Tokoh kelahiran Kubang Nan Dua, Solok, Sumatera Barat 10 Mei 1922 ini pernah mendapat gelar akademik doctor honoris causa dari Universitas Islam Negeri (UIN) Syarif Hidayatullah Jakarta, pada tanggal 6 Mei 2006. Ia juga pernah mendapat penghargaan sebagai Bintang Mahaputra III dari Presiden RI, Pena Emas dari PWI Pusat, Anugerah Kesetiaan Berkarya sebagai Wartawan, dan Life Time Achievement dari PWI pusat.

Wartawan Langka

Barangkali, untuk sekarang ini, agaknya sulit mencari wartawan/redaktur sekaliber Rosihan Anwar. Ia merupakan satu di antara wartawan langka yang pernah dimiliki Indonesia. Ia menjadi prototipe wartawan kenamaan yang memiliki daya pantau tajam, pengamatan jeli, memori kuat, kecakapan menulis mumpuni, dan pandangan kritis yang mendekati sarkastis. Selan itu, ia juga menguasahi banyak bahasa, seperti Inggris, Jerman, Belanda, Prancis, dan lain sebagainya.

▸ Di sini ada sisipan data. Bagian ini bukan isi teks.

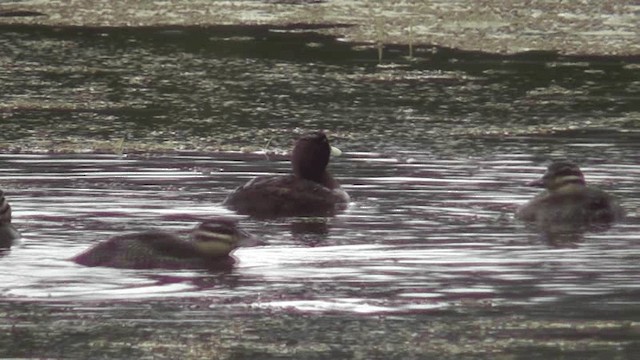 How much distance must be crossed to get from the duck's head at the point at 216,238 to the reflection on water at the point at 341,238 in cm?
15

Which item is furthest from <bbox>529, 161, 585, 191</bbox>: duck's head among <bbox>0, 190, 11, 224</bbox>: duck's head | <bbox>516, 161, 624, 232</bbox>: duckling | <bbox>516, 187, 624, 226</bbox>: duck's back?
<bbox>0, 190, 11, 224</bbox>: duck's head

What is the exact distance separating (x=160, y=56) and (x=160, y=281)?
493 inches

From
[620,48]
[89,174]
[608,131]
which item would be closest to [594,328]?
[89,174]

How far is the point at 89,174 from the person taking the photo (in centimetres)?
1522

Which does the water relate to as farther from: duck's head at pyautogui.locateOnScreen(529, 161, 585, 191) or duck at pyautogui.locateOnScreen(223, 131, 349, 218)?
duck's head at pyautogui.locateOnScreen(529, 161, 585, 191)

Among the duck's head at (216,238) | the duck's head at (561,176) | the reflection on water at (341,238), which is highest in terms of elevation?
the duck's head at (561,176)

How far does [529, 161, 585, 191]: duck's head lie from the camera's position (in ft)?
45.9

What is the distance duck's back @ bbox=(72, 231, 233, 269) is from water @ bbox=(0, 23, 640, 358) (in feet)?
0.34

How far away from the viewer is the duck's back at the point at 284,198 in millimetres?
13883

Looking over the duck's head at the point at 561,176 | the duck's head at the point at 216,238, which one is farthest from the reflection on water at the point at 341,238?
the duck's head at the point at 561,176

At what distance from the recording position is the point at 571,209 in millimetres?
13680

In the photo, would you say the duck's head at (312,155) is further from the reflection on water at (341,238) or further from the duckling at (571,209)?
the duckling at (571,209)

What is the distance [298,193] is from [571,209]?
78.3 inches

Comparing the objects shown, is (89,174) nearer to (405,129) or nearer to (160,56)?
(405,129)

Tak pelak, sejarawan Taufik Abdullah menjulukinya sebagai wartawan “enam zaman” (Kompas, 15/4). Ia menggeluti dunia wartawan sejak zaman Jepang (1942-1945), zaman Revolusi Kemerdekaan (1945-1950), masa Demokrasi Liberal (1950-1959), Demokrasi Terpimpin (1959-1965), Orde Baru (1966-1998), hingga masa Reformasi (1999-sekarang).

Dalam kariernya sebagai wartawan, Rosihan Anwar pernah menjadi pendiri Majalah Siasat (1947-1957), Redaktur Harian Merdeka, dan Pendiri/Pemimpin Redaksi Surat Kabar Pedoman (1948-1961 dan 1968-1974) yang pernah dibredel tiga kali. Bagi seorang Rosihan Anwar, dunia jurnalistik merupakan panggilan hidup. Nafas jurnalistiknya semakin kentara ketika ia juga menyebarkan gagasan-gagasannya ke media asing, seperti Het Vriye Volk (Belanda), The Hindustan Times (India), The Melbourne Age (Australia), The Straits Time (Singapura), New Straits Time (Malaysia) dan Asia Week (Hongkong).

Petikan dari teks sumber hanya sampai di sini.